- WORK REQUEST -
Take the line containing "Ecksofa - Ecke" and every line after it to the end of the material below; reproduce them exactly, without pictures.
★ ★ ★ ★ ★
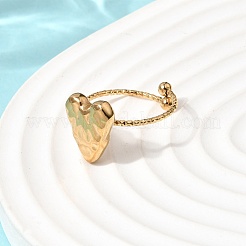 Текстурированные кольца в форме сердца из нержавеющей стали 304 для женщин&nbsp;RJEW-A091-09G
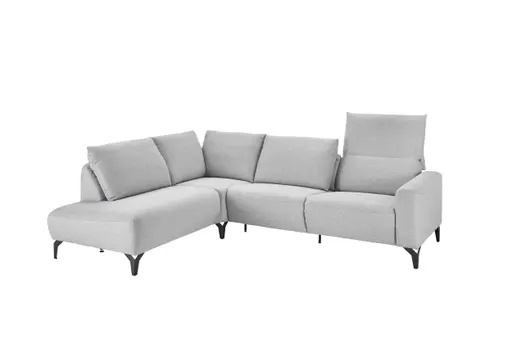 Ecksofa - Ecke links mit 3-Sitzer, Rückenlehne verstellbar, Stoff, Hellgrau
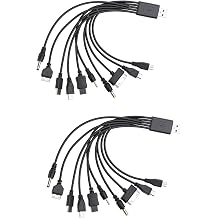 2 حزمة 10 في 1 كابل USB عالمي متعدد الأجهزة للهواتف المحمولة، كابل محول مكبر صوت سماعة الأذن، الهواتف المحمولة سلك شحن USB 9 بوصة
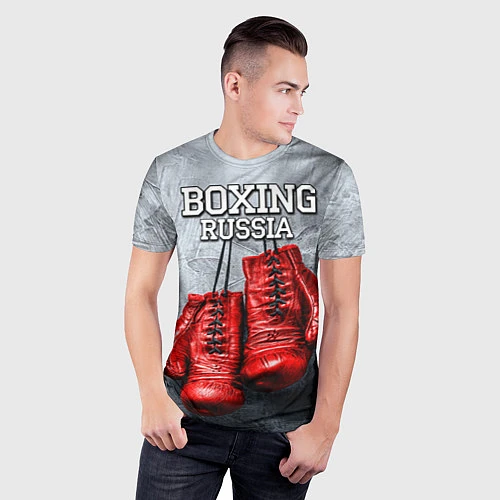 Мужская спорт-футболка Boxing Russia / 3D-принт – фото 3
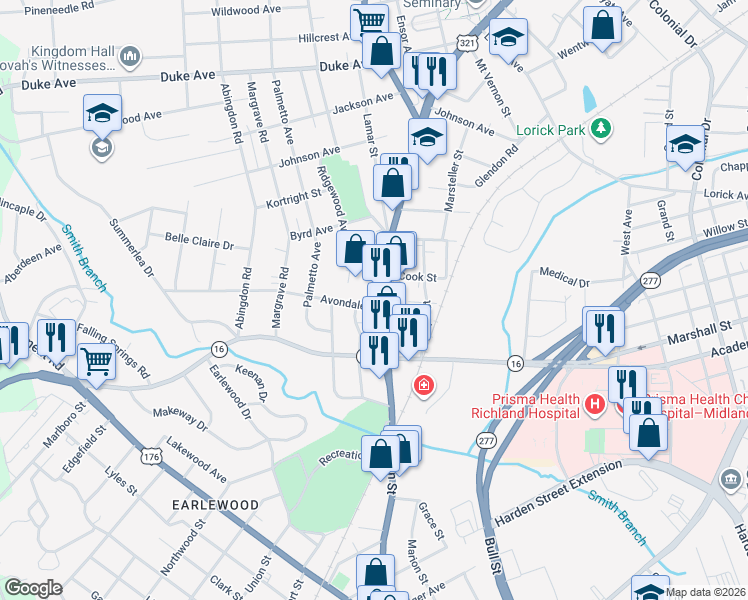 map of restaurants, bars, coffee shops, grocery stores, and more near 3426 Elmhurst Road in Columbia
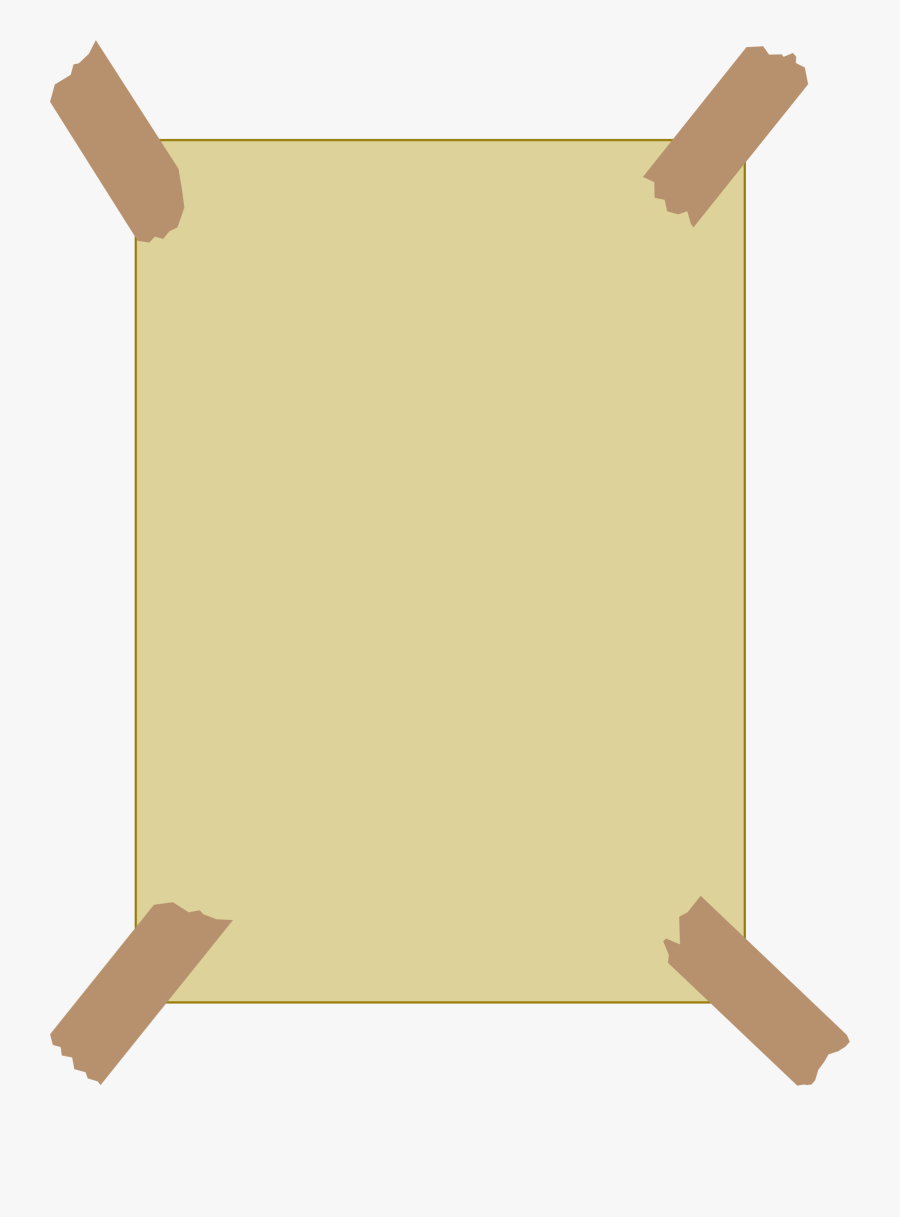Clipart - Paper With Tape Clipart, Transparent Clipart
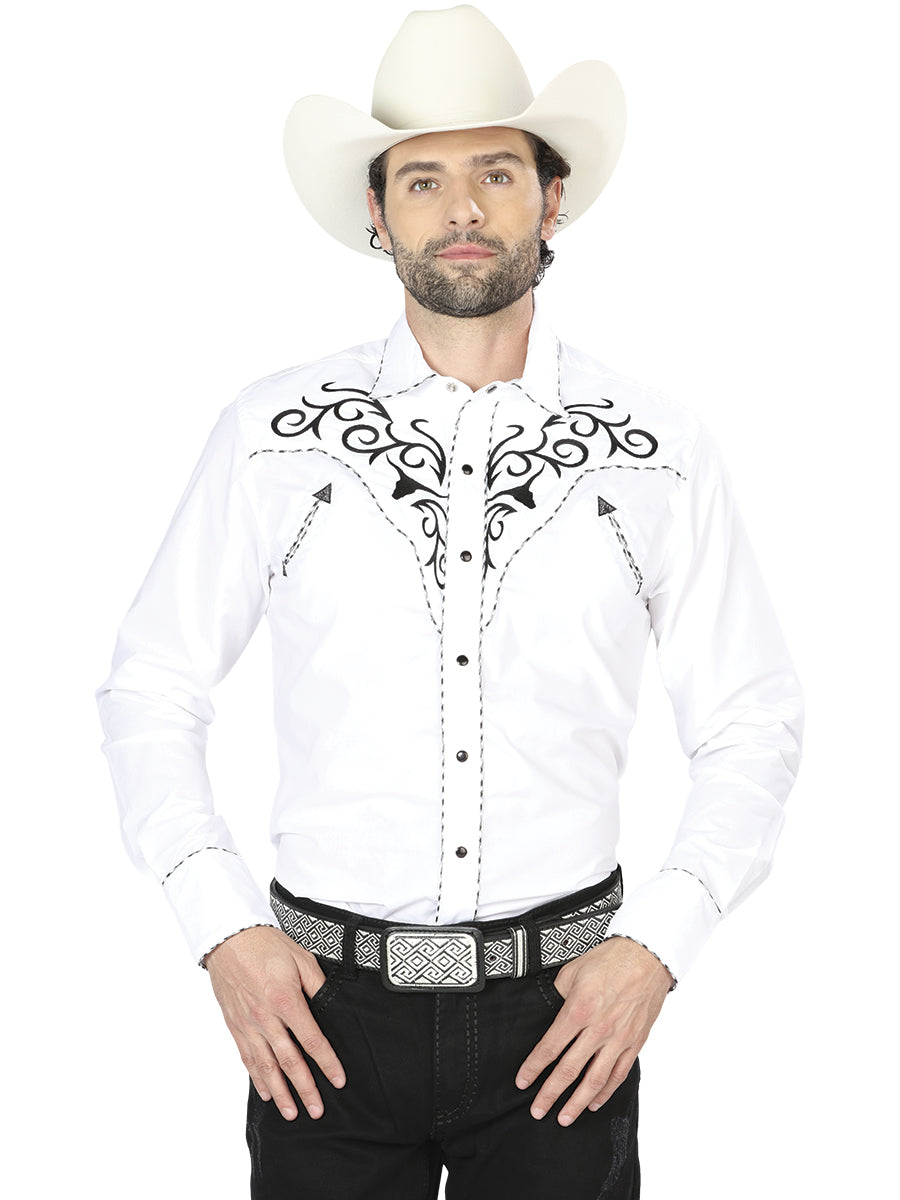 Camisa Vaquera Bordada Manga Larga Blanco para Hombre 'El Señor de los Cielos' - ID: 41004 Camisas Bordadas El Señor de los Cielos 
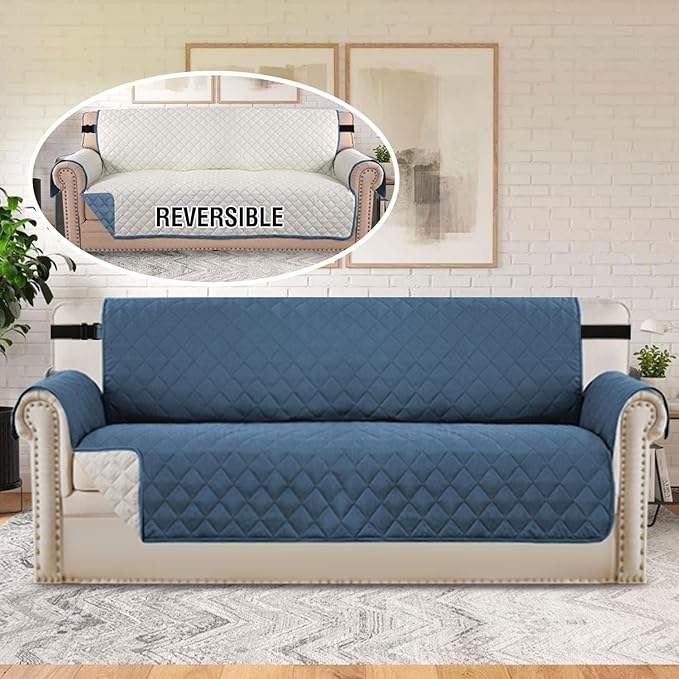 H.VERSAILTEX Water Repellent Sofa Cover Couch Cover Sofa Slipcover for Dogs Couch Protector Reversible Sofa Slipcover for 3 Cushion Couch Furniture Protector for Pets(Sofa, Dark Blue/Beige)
★ ★ ★ ★ ★
- SOLUTION TO THE EXERCISE -
 Ecksofa - Ecke links mit 3-Sitzer, Rückenlehne verstellbar, Stoff, Hellgrau
 2 حزمة 10 في 1 كابل USB عالمي متعدد الأجهزة للهواتف المحمولة، كابل محول مكبر صوت سماعة الأذن، الهواتف المحمولة سلك شحن USB 9 بوصة
 Мужская спорт-футболка Boxing Russia / 3D-принт – фото 3
 map of restaurants, bars, coffee shops, grocery stores, and more near 3426 Elmhurst Road in Columbia
Clipart - Paper With Tape Clipart, Transparent Clipart
 Camisa Vaquera Bordada Manga Larga Blanco para Hombre 'El Señor de los Cielos' - ID: 41004 Camisas Bordadas El Señor de los Cielos 
 H.VERSAILTEX Water Repellent Sofa Cover Couch Cover Sofa Slipcover for Dogs Couch Protector Reversible Sofa Slipcover for 3 Cushion Couch Furniture Protector for Pets(Sofa, Dark Blue/Beige)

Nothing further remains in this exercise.